● **Your instructions**: Each line of the data that includes "Road" must be copied.

● **Records provided**:

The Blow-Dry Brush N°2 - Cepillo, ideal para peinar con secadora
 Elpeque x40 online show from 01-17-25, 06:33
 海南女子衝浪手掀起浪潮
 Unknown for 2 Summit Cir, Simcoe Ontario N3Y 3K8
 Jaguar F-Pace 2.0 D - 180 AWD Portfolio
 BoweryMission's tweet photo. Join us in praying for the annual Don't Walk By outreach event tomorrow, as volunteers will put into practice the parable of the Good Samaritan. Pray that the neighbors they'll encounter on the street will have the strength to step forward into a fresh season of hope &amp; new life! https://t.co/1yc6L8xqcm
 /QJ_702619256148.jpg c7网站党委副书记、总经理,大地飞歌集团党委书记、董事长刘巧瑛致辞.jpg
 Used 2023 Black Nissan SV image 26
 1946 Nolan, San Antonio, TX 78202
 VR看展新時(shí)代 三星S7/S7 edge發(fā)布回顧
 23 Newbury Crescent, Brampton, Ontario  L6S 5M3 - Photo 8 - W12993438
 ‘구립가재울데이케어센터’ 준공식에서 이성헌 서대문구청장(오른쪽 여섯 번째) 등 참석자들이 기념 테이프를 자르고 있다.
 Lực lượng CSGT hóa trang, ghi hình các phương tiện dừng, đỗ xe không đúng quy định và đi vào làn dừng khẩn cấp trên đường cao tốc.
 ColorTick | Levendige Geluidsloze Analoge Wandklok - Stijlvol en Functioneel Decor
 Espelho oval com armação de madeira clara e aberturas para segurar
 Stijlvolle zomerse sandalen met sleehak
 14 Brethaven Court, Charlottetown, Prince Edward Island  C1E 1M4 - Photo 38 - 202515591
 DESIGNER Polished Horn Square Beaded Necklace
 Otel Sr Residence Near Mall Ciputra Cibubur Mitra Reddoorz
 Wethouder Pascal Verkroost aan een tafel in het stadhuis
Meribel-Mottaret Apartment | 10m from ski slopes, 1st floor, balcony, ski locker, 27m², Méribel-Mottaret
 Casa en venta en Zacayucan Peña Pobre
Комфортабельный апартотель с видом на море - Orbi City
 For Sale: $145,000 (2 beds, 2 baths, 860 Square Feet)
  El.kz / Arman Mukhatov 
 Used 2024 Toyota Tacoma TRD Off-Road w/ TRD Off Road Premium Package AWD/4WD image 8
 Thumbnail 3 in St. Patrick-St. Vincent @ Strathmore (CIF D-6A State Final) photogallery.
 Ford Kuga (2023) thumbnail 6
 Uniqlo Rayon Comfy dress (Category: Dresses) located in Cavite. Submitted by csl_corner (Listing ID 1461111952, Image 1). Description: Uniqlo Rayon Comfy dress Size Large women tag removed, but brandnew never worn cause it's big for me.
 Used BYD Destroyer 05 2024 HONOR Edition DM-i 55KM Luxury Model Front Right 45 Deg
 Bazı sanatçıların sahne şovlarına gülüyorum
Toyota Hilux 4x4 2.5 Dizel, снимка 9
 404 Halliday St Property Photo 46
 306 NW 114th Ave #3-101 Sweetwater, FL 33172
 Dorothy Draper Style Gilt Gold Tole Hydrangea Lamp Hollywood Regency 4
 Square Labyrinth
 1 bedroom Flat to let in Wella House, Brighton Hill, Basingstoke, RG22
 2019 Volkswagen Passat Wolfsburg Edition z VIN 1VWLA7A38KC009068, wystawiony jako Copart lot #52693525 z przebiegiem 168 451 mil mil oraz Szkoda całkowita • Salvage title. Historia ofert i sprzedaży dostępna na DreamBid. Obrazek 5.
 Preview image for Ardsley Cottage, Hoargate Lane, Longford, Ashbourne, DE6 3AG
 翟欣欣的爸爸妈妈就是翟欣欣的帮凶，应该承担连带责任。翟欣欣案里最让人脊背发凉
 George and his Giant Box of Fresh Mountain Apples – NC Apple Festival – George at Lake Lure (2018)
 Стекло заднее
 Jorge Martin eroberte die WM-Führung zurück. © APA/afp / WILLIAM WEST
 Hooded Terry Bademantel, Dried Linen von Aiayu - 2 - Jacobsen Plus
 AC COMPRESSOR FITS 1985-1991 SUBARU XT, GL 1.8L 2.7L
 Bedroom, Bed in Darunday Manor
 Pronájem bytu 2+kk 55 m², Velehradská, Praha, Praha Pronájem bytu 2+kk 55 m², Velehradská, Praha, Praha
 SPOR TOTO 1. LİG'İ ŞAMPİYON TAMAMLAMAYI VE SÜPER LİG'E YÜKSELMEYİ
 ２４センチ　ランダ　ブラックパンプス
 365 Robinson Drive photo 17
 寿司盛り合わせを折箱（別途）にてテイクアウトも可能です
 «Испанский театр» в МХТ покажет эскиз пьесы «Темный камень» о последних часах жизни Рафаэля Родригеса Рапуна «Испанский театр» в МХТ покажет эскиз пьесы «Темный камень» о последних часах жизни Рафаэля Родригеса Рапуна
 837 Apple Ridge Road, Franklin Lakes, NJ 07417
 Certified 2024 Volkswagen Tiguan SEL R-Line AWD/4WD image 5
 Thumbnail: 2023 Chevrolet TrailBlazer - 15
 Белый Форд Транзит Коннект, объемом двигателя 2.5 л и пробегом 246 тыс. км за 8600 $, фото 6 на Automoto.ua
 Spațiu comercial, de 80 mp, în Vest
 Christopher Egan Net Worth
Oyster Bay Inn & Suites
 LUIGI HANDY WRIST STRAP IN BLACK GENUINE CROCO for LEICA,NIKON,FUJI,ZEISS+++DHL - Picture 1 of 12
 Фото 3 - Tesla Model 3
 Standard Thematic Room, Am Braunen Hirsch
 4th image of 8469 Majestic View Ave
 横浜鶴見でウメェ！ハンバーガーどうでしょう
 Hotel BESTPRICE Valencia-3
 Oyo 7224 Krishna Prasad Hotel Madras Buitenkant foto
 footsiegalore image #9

● **Result below**:
 Used 2024 Toyota Tacoma TRD Off-Road w/ TRD Off Road Premium Package AWD/4WD image 8
 837 Apple Ridge Road, Franklin Lakes, NJ 07417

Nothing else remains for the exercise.